What can help you determine the number of epochs to use, along with check your model’s accuracy, is visualizing your results. In my script I used matplotlib.pyplot to make a graph.
acc = history.history['accuracy'] val_acc = history.history['val_accuracy']
loss = history.history['loss'] val_loss = history.history['val_loss']
epochs_range = range(epochs)
plt.figure(figsize=(8, 8)) plt.subplot(1, 2, 1) plt.plot(epochs_range, acc, label='Training Accuracy') plt.plot(epochs_range, val_acc, label='Testing Accuracy') plt.legend(loc='lower right') plt.title('Training and Testing Accuracy')
plt.subplot(1, 2, 2) plt.plot(epochs_range, loss, label='Training Loss') plt.plot(epochs_range, val_loss, label='Testing Loss') plt.legend(loc='upper right') plt.title('Training and Testing Loss') plt.show()
Wrapping it Up
In this case, the two most important metrics are the training accuracy and the testing accuracy.

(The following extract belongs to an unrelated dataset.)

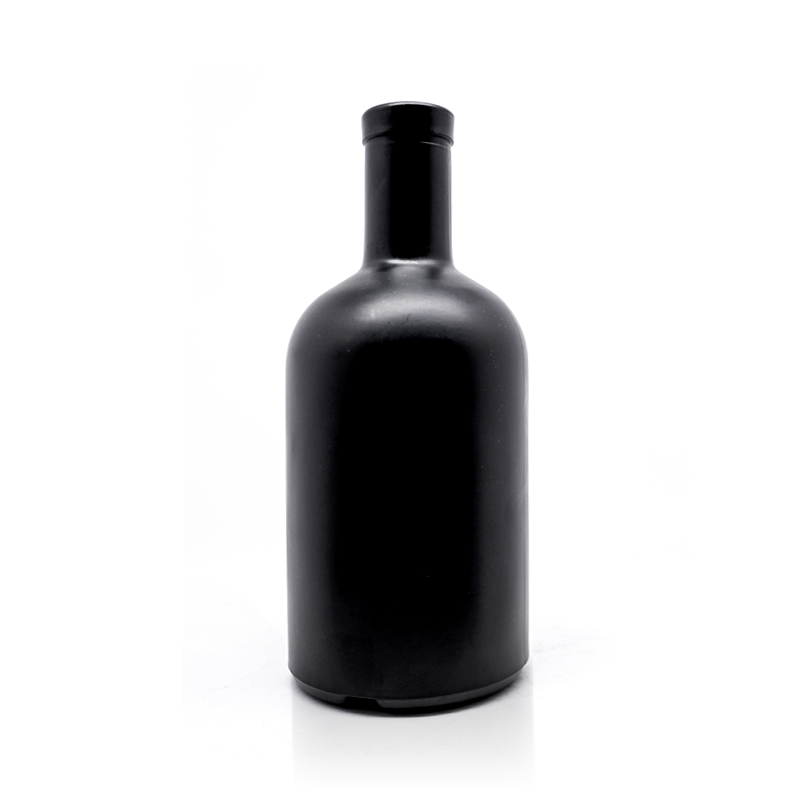 Empty 375ml 500ml 700ml matte black Short neck coarse mouth glass wine bottle for liquor wine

The training accuracy for my model was nearly 100%, while the testing accuracy was 72-80% (this varied between runs of my script). To put it into perspective, 50% accuracy would be guessing-since the model has only two options to choose from (obstacle or no obstacle). I can live with 72-80% accuracy, although the large difference between my training and testing accuracy means that my model is overfitting. To help fight overfitting, I most likely need to add more images to my dataset (most image datasets have 10,000+ images, mine have 200) or change the type of activation function/optimizer I am using.

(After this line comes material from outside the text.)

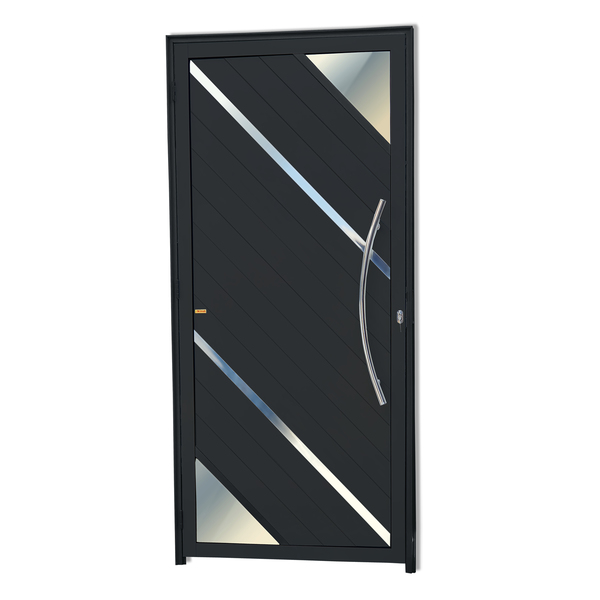 Porta de Giro Lambri Alumínio Pintado Preto Acetinado com Puxador Lado Direito 2,10x0,90m Brimak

From the graph, you can also see that the training loss (prediction error) drastically lowers over epochs, while testing loss doesn’t significantly lower. This is another result of overfitting, although my model does work much better with the inclusion of data augmentation and dropout.
The next step is to edit my model slightly to be more robust, then begin corrupting testing images and experimenting. For now, I have a moderately accurate object detection CNN that would almost certainly cause a real self-driving car to crash, but it works for me.